Raistlin esbozó una sonrisa torva y apretó un puño. Había triunfado. Había salido victorioso del trance. Los había derrotado a todos.

El momento de euforia fue breve, desplazado por un acceso de tos incontrolable; los espasmos lo convulsionaron como a una marioneta maltratada.

El caramillo siguió sonando mientras Raistlin luchaba por sobreponerse y recobrar el aliento. El mago tanteó con torpeza en el cinto hasta encontrar un pequeño envoltorio de lino que contenía hierbas. Lo apretó contra la nariz y la boca, y aspiró el empalagoso aroma dulzón de las hojas machacadas y de las ramitas cocidas. Los espasmos cedieron, y Raistlin se permitió abrigar la esperanza de haber dado por fin con un remedio eficaz. No admitía que sería durante toda su vida un ser débil y enfermizo.

Las hierbas le dejaron un gusto amargo en los labios. Guardó el acre envoltorio en un saquillo sujeto al ceñidor de tela trenzada, de un color rojo más oscuro que el resto de su vestimenta debido al uso constante. No necesitó mirar el saquillo medicinal para saber con certeza que estaba manchado de sangre.

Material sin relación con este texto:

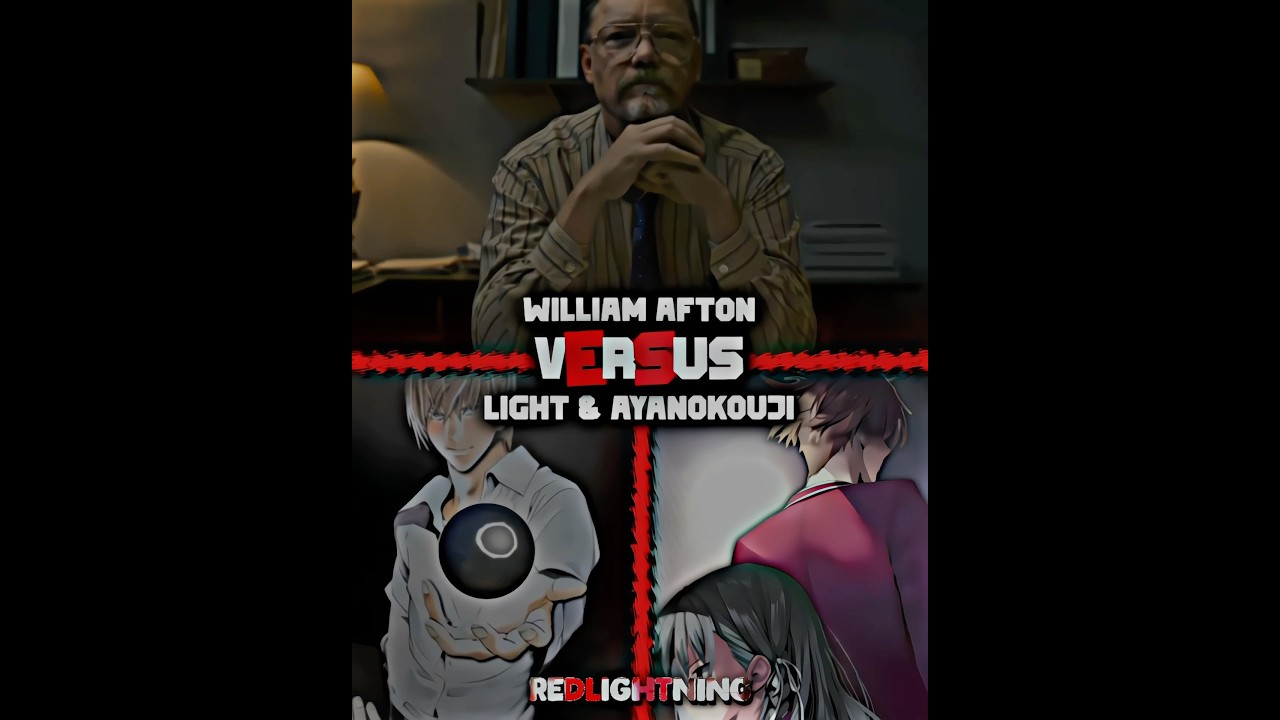 Light Yagami & Kiyotaka Ayanokouji vs William Afton || Death Note & Classroom of The Elite vs FNAF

Raistlin respiró con lentitud y se relajó. Cerró los párpados. Imaginó las muchas y variadas líneas de poder que alimentaban su fuerza vital… la urdimbre brillante y dorada de los hilos de su magia, de su mente, de su alma. Su vida estaba en sus propias manos. Era el dueño y señor de su destino.

De nuevo escuchó el caramillo, pero no entonaba la música espantosa, sobrenatural, que creyó oír al despertar… la música del elfo oscuro, la que lo asaltara en sus peores pesadillas desde su iniciación en los niveles superiores de la hechicería. Por el contrario, era la melodía estridente y alegre de un kender desconsiderado.

Apartó a un lado las pesadas mantas que lo cubrían; el desapacible aire nocturno lo hizo estremecer. Sus manos aferraron el bastón, anhelantes por palpar el contacto suave de la madera y la sensación de seguridad de sentirlo entre los dedos. Se puso de pie.

Shirak —susurró.

El poder fluyó a través de su espíritu y se transmitió al bastón, donde se aunó con la magia contenida en la negra madera, símbolo de la victoria del mago. Una luz suave y blanca centelleó en la bola de cristal aferrada por la garra de dragón que remataba el cayado.

Tan pronto como el resplandor iluminó la arboleda, la melodía se interrumpió de forma brusca. Earwig levantó la cabeza sorprendido y se encontró con la figura encapuchada del mago, erguida junto a él.

—¡Hola, Raistlin! —sonrió el kender.

—Earwig, intento dormir —dijo el hechicero en voz baja.

—¡Claro, Raistlin! ¿Qué otra cosa vas a hacer en mitad de la noche?

—Pero, no puedo, Earwig. Ése ruido me lo impide.

—¿Qué ruido?

El kender oteó con curiosidad en torno al lugar de la acampada. Raistlin alargó la mano dorada, arrancó de un tirón el caramillo que sujetaba Earwig, y lo sostuvo frente a la nariz del kender.

—Ah, ese ruido —dijo el hombrecillo, con un tono de exagerada mansedumbre.

El caramillo desapareció bajo la manga del hechicero, quien se dio media vuelta y regresó hacia su lecho de mantas.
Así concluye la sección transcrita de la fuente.